O princípio do in dubio pro reo é o corolário da presunção de inocência constitucionalmente consagrada no art.32 nº2 da CRP e aplica-se sempre que o julgador tenha dúvidas quanto à responsabilidade criminal do agente, estabelecendo que se decida no sentido mais favorável àquele, aplicando o princípio in dubio pro reo, que deve ser aplicado sem qualquer restrição, não só quanto a elementos fundamentadores da incriminação, mas também na prova de quaisquer factos cuja fixação prévia seja condição indispensável de uma decisão suscetível de desfavorecer, objetivamente, o arguido.

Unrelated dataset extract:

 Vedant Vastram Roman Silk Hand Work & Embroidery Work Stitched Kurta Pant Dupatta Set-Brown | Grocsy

Ou seja, ocorre violação do referido princípio quando for manifesto que o julgador, perante uma dúvida relevante, decidiu contra o arguido, acolhendo a versão que o desfavorece ou quando, embora se não vislumbre que o tribunal tenha manifestado ou sentido dúvidas, da análise e apreciação objetiva da prova produzida, à luz das regras da experiência e das regras e princípios aplicáveis em matéria de direito probatório, resulte que as deveria ter tido...

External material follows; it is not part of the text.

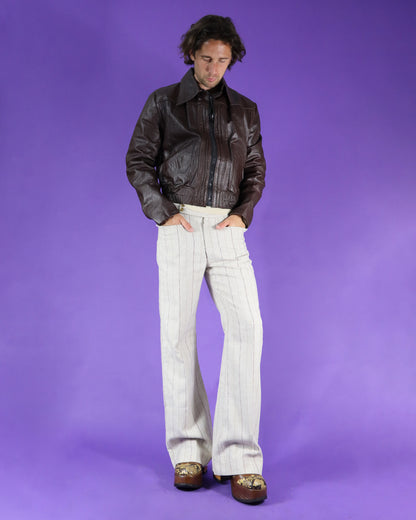 Vintage 1970s Pinstripe Tailored Flares Trousers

No caso concreto a Sr.ª Juiz que presidiu ao julgamento consignou na motivação da decisão sobre a matéria de facto que foi sua convicção que o arguido se recusou a submeter a segunda recolha de autógrafos por ter receio de comprometer a verosimilhança da primeira recolha e dessa forma comprometer a sua posição processual.
E acrescentou que a versão do arguido não se lhe afigurou credível e verosímil.
Desta motivação podemos concluir com segurança que o Julgador em primeira instância não teve quaisquer dúvidas sobre os factos que declarou provados, tanto mais que consignou como não provado, que o arguido tivesse atuado na convicção de que a recusa era legítima por já anteriormente lhe terem sido recolhidos autógrafos.
Pelo exposto não se verifica a alegada violação do princípio do in dubio pro reo e da presunção de inocência.
2ª Questão
Do preenchimento dos elementos do crime de desobediência p.p. pelo art. 348 nº1 al b) do CP.
Dos autos consta certidão extraída do inquérito 41/21.4GAVGS da qual resulta que em 18/10/2022 a Magistrado do MP determinou a repetição da diligência de recolha de autógrafos e ordenou a notificação pessoal do recorrente para o efeito sob cominação de que em caso de recusa incorreria na prática de crime de desobediência; após o que o arguido veio a ser pessoalmente notificado, no dia 25/10/202, por agentes da GNR do Posto Territorial ..., para comparecer nos serviços do MP no dia 15/11/2022 pelas 10h, a fim de se proceder a recolha de autógrafos, com a cominação de que incorreria em crime de desobediência, em caso de recusa.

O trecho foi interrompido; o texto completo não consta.